The more I think about the effects of prescription drugs lately, the more I realize I want to be, for lack of a better word, clean. My goal has been to focus on raw organic foods, and with that I think comes the insight into everything else you are putting your body through. I’ve been focusing on switching all of my beauty products and makeup over to good-for-you organic products alongside my vegan focus. That I plan to post about soon because you couldn’t imagine the things I’ve learned about organic beauty products in such a short amount of time- and the horrors of chemical “normal” products as well.

 

BUT back to what I was saying. I feel very centered when I do more yoga and more at peace with my present self (Cliché I know but SO TRUE). I noticed that I have more confidence lately and I truly believe it is because I have been trying to rid my life of toxins.
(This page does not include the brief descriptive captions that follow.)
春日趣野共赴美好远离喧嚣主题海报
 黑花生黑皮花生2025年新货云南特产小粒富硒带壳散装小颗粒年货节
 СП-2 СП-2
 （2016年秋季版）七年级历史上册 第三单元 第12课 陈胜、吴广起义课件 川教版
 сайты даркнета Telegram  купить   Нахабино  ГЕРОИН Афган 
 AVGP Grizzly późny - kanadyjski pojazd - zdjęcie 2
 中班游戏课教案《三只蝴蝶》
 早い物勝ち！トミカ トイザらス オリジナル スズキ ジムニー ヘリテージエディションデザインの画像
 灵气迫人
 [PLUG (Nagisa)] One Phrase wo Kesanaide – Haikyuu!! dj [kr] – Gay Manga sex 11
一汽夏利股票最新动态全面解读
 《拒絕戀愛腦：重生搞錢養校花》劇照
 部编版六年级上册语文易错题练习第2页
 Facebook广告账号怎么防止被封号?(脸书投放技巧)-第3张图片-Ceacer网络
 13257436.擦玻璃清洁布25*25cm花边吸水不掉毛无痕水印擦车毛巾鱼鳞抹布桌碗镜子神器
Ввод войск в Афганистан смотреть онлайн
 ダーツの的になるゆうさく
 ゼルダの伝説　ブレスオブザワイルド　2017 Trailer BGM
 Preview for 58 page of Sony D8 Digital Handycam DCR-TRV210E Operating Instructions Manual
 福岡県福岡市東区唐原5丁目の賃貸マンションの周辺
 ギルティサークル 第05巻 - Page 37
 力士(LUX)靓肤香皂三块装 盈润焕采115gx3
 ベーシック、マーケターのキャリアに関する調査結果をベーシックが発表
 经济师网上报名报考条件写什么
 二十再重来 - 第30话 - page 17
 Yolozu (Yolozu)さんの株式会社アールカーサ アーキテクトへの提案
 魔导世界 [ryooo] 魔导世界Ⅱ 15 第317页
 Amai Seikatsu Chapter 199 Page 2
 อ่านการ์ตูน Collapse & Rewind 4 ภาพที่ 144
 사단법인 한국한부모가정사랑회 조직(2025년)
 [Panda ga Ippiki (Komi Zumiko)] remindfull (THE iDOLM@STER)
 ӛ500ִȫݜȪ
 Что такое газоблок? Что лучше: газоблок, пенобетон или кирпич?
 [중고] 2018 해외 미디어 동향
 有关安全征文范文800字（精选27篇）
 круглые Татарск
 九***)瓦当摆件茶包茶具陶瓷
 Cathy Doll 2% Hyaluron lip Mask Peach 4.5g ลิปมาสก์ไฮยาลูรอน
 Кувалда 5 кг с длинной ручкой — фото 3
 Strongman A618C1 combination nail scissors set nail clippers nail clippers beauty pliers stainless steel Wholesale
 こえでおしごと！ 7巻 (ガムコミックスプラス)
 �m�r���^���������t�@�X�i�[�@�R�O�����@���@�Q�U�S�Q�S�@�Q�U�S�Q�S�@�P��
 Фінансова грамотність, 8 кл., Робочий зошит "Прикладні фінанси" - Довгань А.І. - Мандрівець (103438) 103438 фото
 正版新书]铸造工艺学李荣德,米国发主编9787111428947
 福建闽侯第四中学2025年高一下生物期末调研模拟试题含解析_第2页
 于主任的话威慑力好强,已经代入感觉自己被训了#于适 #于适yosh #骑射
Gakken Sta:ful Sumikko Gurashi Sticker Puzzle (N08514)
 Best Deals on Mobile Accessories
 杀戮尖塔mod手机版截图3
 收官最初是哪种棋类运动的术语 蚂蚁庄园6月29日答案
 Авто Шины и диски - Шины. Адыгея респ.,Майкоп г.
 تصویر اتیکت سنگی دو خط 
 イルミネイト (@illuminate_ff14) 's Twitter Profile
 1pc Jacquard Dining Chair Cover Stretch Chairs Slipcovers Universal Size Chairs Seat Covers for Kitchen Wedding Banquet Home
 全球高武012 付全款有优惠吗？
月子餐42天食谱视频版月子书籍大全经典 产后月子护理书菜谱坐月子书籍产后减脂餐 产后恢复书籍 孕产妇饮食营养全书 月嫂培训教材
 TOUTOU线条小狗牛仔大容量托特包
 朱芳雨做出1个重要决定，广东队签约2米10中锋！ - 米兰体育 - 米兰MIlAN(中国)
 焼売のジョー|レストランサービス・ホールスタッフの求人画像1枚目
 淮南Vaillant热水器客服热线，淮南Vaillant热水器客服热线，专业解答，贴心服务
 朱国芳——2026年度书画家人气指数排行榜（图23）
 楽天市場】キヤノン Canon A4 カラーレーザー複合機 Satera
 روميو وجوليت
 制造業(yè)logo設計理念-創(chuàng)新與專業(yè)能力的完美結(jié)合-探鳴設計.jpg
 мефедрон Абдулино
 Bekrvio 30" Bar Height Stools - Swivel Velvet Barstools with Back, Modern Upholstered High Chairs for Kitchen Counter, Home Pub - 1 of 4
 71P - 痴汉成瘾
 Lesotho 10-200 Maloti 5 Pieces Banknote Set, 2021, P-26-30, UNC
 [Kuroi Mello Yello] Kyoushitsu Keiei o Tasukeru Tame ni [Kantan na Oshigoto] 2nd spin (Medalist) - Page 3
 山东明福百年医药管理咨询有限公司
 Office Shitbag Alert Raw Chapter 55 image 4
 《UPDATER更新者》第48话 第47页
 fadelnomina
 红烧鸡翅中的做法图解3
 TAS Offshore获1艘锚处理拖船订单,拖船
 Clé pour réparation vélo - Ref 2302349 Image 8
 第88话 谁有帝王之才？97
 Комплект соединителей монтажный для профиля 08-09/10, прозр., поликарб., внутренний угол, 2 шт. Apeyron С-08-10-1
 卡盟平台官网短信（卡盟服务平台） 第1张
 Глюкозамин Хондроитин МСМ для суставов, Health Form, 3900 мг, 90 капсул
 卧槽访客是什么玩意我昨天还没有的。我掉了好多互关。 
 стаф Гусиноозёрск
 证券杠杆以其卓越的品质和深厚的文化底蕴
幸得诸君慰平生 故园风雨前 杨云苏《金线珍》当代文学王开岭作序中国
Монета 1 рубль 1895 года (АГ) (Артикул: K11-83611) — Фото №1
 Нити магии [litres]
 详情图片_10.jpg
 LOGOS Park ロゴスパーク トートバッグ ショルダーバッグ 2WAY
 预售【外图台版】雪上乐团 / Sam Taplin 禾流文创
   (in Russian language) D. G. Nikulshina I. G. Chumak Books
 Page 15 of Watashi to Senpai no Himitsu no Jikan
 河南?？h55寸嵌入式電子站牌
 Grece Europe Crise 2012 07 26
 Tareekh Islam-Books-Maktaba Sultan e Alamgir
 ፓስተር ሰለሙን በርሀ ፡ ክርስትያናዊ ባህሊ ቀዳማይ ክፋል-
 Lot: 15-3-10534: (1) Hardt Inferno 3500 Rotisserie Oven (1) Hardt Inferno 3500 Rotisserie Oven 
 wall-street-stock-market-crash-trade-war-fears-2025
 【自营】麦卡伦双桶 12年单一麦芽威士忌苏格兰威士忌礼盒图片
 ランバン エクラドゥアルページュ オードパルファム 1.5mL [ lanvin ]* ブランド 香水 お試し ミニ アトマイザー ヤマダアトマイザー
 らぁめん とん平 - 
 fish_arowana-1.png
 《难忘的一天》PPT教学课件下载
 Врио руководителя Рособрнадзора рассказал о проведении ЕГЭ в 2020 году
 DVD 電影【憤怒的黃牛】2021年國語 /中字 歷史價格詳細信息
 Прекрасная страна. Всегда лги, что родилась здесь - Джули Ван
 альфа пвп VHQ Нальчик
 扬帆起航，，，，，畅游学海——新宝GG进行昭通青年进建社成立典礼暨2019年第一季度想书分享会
The toxicity of fear, of temptation to overeat and eat poor foods, the toxicity of cynicism. When you try to really become “clean,” you work wonders for not just your body, but for your mind too.

 

I hope with the renewal of life this spring (you may take that in a nature sense or religious- it is indeed planned to cover both) you also find a rebirth in yourself. I hope you are able to capture the exquisite feeling of a new beginning, one in which you need not carry with you the burdens of your former pains. I hope you learn to find a way to get to a clearer thinking point, one in which you can legitimately enjoy and appreciate life in the present moment in all its abstract ways.